Recognizing the boneheadedness of its move, and responding tosearing criticism from folks like Grist’s David Roberts, HuffPo soon withdrew its query. It turned out that, in fact, the editors already had their own answer. They disagreed with the letter-signers! They do have a “reality meter” on this subject; it must’ve just been switched off during the preparation of the original post.

We’ve removed the question because HuffPost is not agnostic on the matter. Along with the overwhelming majority of the scientific community (including 98% of working climate scientists), we recognize that climate change is real and agree with the agencies and experts who are concerned about the role of carbon dioxide.

This was the right thing to do, and it placated the critics. “Let’s all move on,” Roberts wrote.

I’m afraid I’m not quite ready to do that — because this little dustup offers precious insight into a much more significant and widespread phenomenon in climate coverage. The NASA letter is a perfect case study in what press critic Jay Rosen has called “verification in reverse.”

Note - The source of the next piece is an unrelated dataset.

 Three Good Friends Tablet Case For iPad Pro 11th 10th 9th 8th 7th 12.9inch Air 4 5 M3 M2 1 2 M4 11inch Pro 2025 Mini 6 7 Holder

Here’s Rosen, with whom I chatted about this issue on Friday (here’s afull transcript):

Verification is taking something that might be true, and trying to nail it down with facts. In reverse verification you take something that’s been nailed down and try to introduce doubt about it. “Was Obama born in the United States?” is the clearest example. The phenomenon of “verification in reverse” poses a special problem for journalists. On the one hand, they are supposed to report what people are saying. They are supposed to bring us the news of controversies, protests, disagreements. “Conflict makes news,” and all that. On the other hand, verification is their business. If they cannot support that, they cannot support themselves or their users. They are socially useless, in fact, if they cannot stand up for verification.

Rosen’s “verification in reverse” helps us understand the game that’s being played by climate-change denialists. They are manufacturing events that seem to play by the rules of reported journalism, yet are essentially fraudulent.